Action item ▸
Copy exactly the stretch of data below from the line with "Casquette personnalisée brodée maman papa" through the line with "Zach and Rachel", including both of those lines.
___ Input for this task
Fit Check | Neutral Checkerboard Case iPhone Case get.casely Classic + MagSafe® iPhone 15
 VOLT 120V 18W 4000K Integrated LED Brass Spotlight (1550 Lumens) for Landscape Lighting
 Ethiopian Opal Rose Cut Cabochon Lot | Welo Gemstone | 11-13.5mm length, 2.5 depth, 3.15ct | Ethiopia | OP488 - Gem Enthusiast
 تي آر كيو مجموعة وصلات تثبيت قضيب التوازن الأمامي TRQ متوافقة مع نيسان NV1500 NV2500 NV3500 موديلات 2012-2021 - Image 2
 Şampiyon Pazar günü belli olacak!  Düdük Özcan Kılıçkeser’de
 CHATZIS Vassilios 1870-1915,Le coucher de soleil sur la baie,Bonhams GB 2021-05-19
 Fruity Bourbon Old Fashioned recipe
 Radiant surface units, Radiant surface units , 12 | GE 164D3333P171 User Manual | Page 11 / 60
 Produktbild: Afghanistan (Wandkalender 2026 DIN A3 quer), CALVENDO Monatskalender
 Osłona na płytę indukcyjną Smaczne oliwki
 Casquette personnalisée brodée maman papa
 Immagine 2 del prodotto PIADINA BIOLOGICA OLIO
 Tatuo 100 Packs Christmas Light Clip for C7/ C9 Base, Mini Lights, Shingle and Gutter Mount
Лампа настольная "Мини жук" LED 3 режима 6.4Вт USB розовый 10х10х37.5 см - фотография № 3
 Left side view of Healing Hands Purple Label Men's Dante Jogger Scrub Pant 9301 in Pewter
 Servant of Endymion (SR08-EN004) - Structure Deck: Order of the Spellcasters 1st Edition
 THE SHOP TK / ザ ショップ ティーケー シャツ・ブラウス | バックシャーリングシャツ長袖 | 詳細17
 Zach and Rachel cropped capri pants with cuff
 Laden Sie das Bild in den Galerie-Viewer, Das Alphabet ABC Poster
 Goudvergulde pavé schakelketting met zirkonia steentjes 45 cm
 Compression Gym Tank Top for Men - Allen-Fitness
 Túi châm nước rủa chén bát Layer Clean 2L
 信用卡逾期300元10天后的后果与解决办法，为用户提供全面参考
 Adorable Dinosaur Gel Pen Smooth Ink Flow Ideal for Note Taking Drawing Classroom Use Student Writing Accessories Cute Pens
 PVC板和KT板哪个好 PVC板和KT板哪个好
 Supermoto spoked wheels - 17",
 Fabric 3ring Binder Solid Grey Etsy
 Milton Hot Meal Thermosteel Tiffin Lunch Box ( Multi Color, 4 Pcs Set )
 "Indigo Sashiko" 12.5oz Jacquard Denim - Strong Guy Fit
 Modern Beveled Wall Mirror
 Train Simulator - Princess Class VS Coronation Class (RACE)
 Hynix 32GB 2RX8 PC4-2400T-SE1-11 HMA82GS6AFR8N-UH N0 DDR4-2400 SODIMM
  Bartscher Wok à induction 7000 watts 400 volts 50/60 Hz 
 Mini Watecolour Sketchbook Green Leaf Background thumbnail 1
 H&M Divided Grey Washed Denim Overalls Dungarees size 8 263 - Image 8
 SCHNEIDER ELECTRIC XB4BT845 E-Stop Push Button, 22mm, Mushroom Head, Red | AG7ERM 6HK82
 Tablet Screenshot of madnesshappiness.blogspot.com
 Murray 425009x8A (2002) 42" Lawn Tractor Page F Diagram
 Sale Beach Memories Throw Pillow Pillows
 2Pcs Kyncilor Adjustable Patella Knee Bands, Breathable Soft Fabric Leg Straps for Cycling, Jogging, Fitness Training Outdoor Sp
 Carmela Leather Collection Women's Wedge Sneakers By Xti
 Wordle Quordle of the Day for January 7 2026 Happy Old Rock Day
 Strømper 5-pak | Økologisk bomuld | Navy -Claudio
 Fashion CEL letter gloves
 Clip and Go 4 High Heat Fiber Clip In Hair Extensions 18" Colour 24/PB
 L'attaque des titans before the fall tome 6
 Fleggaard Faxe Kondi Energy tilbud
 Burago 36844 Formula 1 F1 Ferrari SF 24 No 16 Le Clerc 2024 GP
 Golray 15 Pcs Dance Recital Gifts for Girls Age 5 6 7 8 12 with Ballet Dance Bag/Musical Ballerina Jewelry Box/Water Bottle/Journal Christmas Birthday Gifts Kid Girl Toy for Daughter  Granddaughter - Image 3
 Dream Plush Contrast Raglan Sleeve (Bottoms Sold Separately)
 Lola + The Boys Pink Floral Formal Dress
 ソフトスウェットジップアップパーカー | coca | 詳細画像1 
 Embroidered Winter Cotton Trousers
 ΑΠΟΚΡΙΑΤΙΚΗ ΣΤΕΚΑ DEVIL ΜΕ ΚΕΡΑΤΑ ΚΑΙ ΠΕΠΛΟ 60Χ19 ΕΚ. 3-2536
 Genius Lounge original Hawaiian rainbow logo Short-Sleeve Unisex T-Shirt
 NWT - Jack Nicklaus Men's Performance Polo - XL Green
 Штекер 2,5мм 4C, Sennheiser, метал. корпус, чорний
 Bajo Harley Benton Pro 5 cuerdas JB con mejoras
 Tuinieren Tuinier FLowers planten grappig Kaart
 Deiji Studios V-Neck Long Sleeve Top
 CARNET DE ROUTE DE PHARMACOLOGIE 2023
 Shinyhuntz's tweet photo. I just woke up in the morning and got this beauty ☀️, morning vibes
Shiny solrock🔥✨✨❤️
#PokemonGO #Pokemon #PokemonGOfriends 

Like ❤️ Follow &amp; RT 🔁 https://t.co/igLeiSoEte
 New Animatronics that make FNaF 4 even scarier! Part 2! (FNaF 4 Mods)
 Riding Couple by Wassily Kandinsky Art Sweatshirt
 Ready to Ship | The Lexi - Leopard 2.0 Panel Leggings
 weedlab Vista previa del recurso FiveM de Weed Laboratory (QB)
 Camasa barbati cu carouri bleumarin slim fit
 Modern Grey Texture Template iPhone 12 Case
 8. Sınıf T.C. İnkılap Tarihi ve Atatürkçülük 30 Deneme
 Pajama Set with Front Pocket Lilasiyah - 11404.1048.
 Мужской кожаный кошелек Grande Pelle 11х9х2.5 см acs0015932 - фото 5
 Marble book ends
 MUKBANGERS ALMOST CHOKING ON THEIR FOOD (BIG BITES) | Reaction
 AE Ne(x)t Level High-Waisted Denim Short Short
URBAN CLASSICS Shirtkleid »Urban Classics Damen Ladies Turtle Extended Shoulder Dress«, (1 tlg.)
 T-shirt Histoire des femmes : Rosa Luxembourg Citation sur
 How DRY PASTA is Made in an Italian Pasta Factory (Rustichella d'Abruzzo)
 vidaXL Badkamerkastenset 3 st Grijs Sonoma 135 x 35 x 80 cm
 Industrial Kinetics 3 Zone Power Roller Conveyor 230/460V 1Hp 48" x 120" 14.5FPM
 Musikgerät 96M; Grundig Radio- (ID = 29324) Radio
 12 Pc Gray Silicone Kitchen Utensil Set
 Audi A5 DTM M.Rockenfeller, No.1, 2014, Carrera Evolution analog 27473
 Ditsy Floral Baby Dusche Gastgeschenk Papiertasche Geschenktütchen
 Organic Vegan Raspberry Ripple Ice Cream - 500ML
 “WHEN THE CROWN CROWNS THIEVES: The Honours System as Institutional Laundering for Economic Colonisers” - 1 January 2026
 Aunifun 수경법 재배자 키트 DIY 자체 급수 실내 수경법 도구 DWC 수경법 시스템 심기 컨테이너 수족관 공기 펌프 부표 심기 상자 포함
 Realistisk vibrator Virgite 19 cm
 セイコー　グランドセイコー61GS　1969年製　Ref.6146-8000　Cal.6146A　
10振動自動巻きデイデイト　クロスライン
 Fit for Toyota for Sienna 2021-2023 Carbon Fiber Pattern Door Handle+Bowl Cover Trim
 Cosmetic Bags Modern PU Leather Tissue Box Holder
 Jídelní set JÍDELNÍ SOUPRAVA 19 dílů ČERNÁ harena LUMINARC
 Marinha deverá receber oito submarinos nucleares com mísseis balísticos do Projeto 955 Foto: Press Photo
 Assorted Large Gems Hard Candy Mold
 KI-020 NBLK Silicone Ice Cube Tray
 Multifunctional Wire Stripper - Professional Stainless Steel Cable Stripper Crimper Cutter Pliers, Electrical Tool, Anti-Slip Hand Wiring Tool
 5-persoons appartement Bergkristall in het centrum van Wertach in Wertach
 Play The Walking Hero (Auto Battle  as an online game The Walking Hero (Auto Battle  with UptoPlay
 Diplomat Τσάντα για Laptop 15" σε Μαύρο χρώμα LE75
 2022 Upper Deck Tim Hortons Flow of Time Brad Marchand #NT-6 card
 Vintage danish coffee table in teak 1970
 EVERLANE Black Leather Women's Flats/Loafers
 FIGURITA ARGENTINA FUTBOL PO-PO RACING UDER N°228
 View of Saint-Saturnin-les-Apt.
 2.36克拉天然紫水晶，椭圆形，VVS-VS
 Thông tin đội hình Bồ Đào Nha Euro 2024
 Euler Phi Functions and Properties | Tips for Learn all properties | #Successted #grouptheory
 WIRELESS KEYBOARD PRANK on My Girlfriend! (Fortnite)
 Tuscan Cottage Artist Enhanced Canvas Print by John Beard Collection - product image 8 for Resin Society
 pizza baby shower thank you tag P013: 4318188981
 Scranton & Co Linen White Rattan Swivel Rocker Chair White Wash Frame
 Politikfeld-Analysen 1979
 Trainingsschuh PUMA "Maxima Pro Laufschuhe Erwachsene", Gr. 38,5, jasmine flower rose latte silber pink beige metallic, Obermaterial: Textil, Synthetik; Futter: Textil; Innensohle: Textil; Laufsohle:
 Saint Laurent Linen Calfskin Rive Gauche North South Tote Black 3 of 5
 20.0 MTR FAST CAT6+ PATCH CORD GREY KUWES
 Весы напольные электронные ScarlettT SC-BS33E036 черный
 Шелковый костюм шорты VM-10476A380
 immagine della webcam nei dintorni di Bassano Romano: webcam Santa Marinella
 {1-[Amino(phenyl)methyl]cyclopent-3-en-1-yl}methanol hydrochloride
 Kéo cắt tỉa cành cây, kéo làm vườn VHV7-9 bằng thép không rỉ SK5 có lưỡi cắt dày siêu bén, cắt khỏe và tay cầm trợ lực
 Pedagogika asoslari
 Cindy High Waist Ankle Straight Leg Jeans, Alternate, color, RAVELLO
______
Final answer ▸
 Casquette personnalisée brodée maman papa
 Immagine 2 del prodotto PIADINA BIOLOGICA OLIO
 Tatuo 100 Packs Christmas Light Clip for C7/ C9 Base, Mini Lights, Shingle and Gutter Mount
Лампа настольная "Мини жук" LED 3 режима 6.4Вт USB розовый 10х10х37.5 см - фотография № 3
 Left side view of Healing Hands Purple Label Men's Dante Jogger Scrub Pant 9301 in Pewter
 Servant of Endymion (SR08-EN004) - Structure Deck: Order of the Spellcasters 1st Edition
 THE SHOP TK / ザ ショップ ティーケー シャツ・ブラウス | バックシャーリングシャツ長袖 | 詳細17
 Zach and Rachel cropped capri pants with cuff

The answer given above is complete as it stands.